------ DATA SHOWN
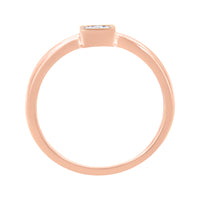 14K Rose Gold Plated .925 Sterling Silver 1/20 cttw Miracle Set Diamond Promise Ring (J-K Color, I1-I2 Clarity) - Size 6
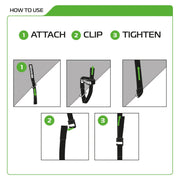 Oxford snelbinder atlas g-hook atlas g-hook 26mm x 1,2m black pair - afbeelding 1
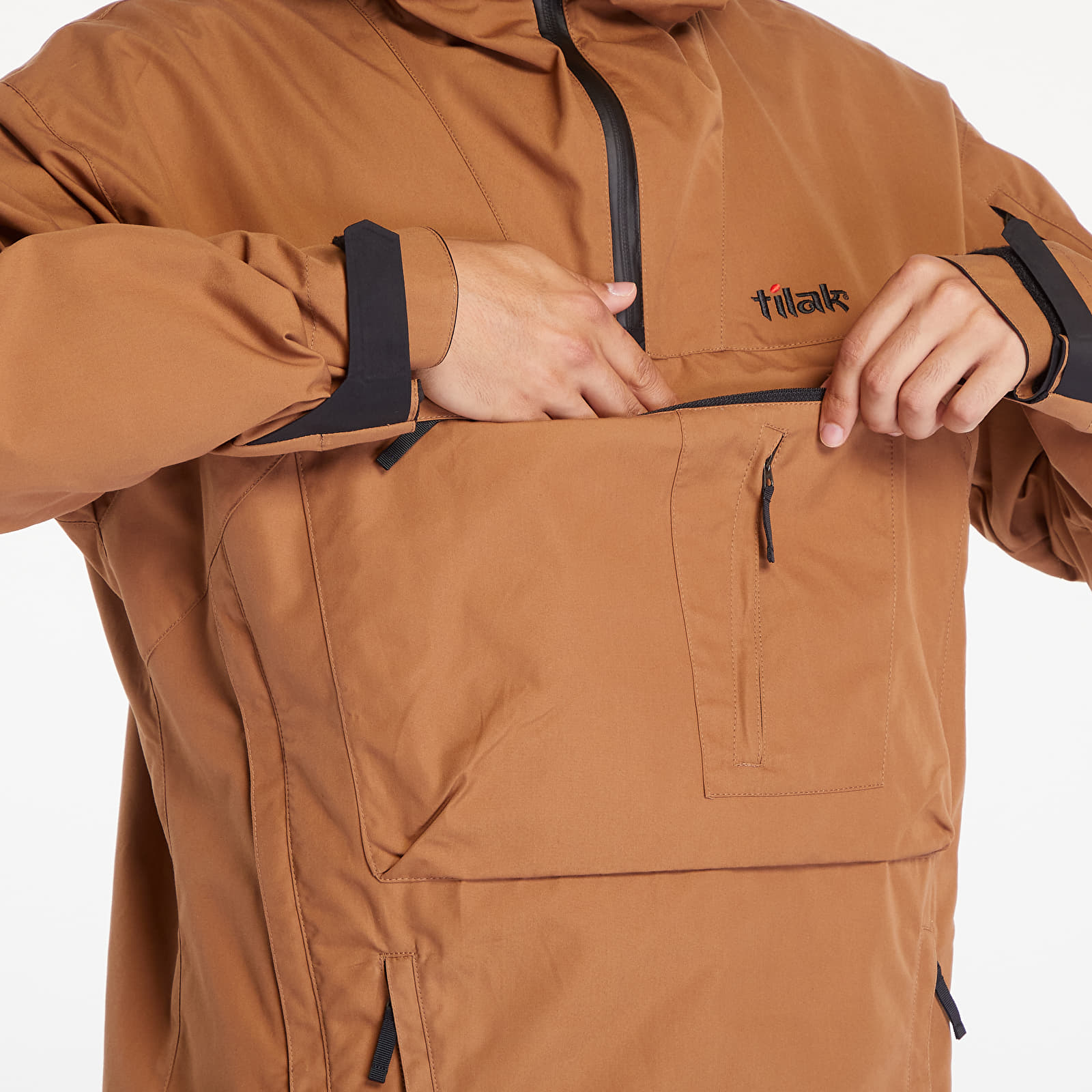 Windbreakers Tilak Odin Ventile Anorak Brown Queens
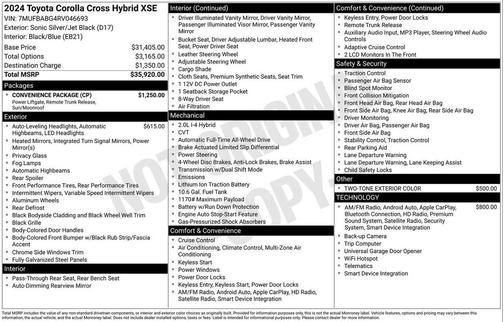 2024 Toyota Corolla Hybrid SE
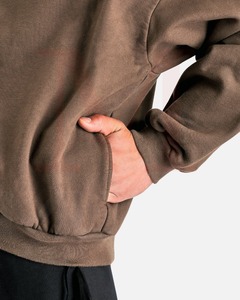 Sudadera con capucha de algodón 100% para hombre, estilo urbano, para invierno, con cremallera, color liso, personalizable con logotipo, venta al por mayor - Product Image 3
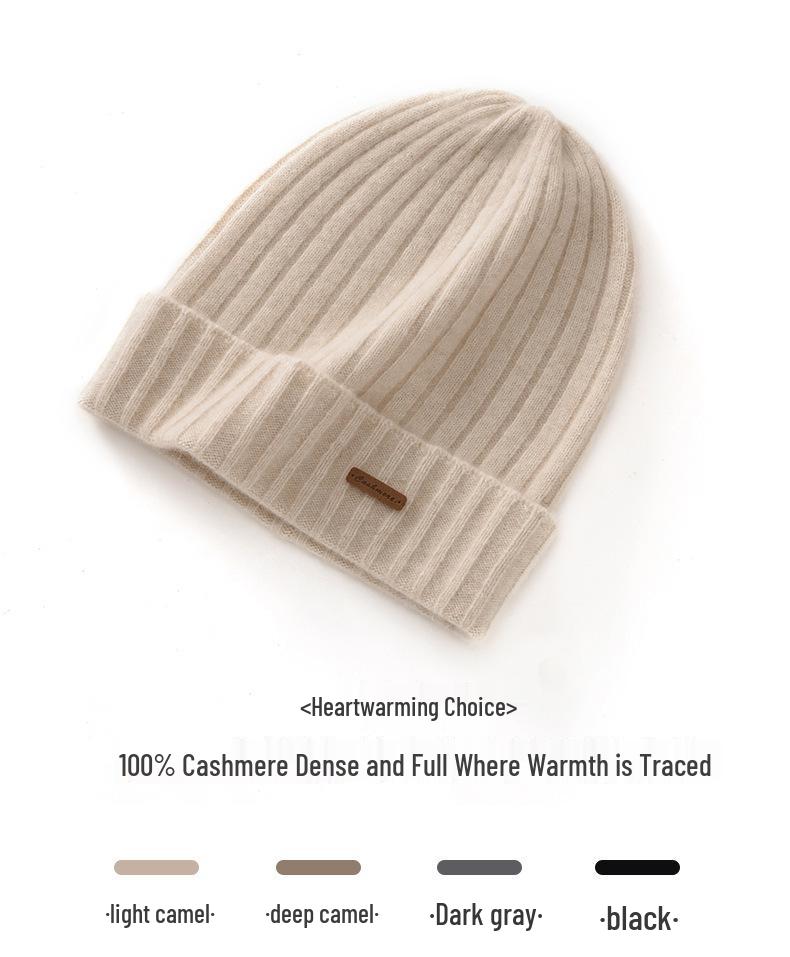 25 H/W Neue Unisex Extra Dicke Doppelsträngige Kaschmir Umschlagmütze: 100% Reines Kaschmir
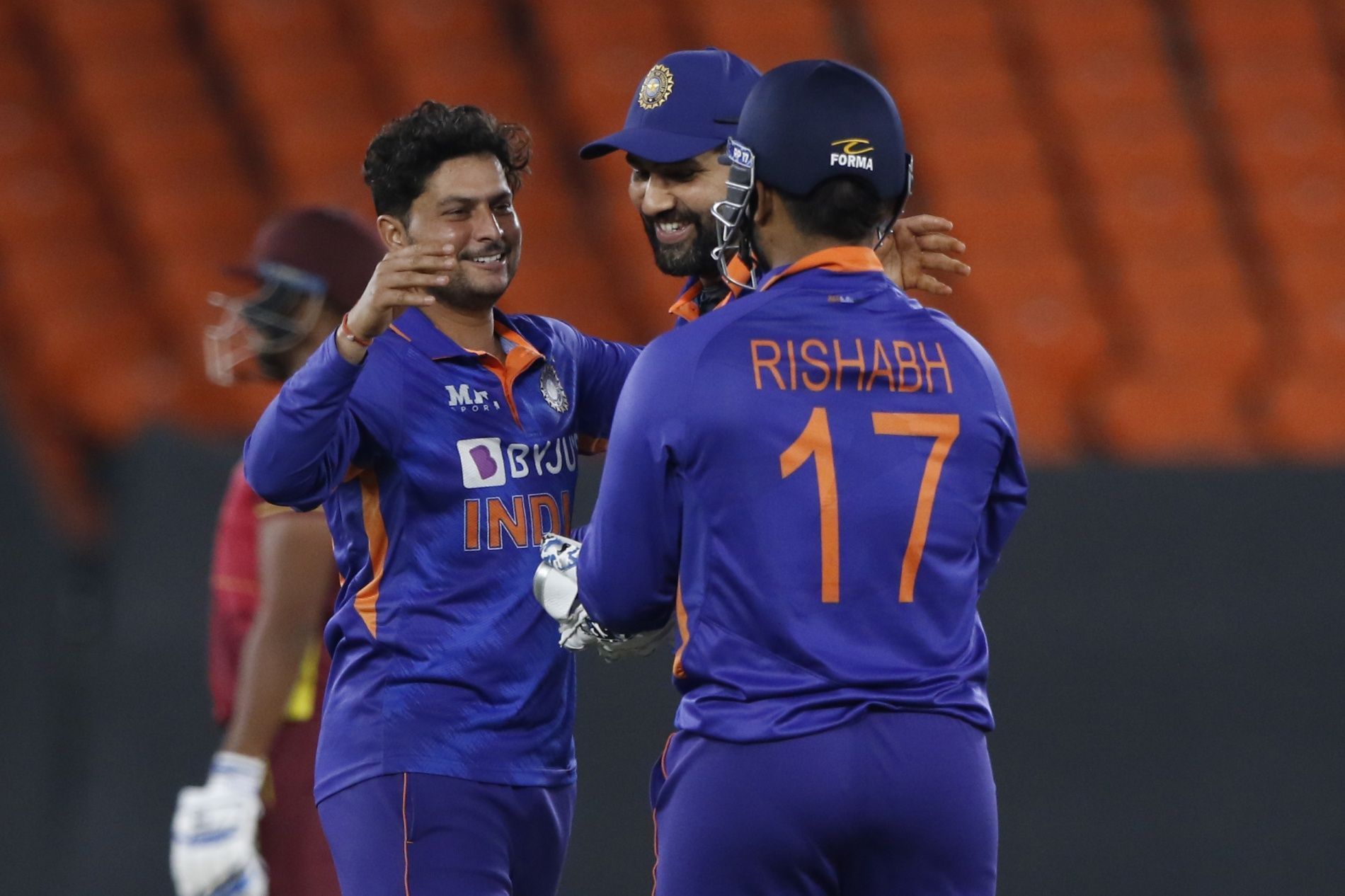 Team India during the ODI series against West Indies. Pic: BCCI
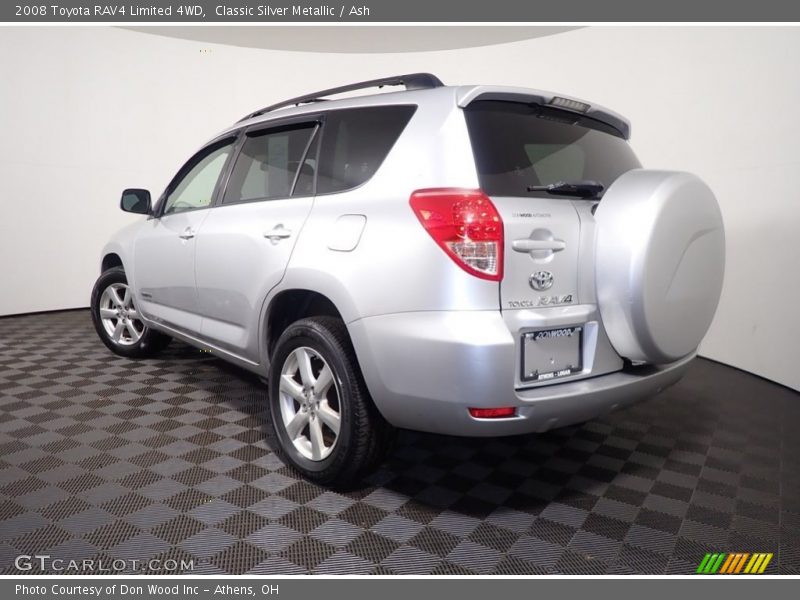 Classic Silver Metallic / Ash 2008 Toyota RAV4 Limited 4WD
------------
:: WHAT TO WORK ON ::
Skip every image and output the remaining records exactly.

:: ANSWER FOR THE TASK ::
 14K Rose Gold Plated .925 Sterling Silver 1/20 cttw Miracle Set Diamond Promise Ring (J-K Color, I1-I2 Clarity) - Size 6
 Oxford snelbinder atlas g-hook atlas g-hook 26mm x 1,2m black pair - afbeelding 1
 Windbreakers Tilak Odin Ventile Anorak Brown Queens
 2024 Toyota Corolla Hybrid SE
 Sudadera con capucha de algodón 100% para hombre, estilo urbano, para invierno, con cremallera, color liso, personalizable con logotipo, venta al por mayor - Product Image 3
 25 H/W Neue Unisex Extra Dicke Doppelsträngige Kaschmir Umschlagmütze: 100% Reines Kaschmir
 Team India during the ODI series against West Indies. Pic: BCCI
 Classic Silver Metallic / Ash 2008 Toyota RAV4 Limited 4WD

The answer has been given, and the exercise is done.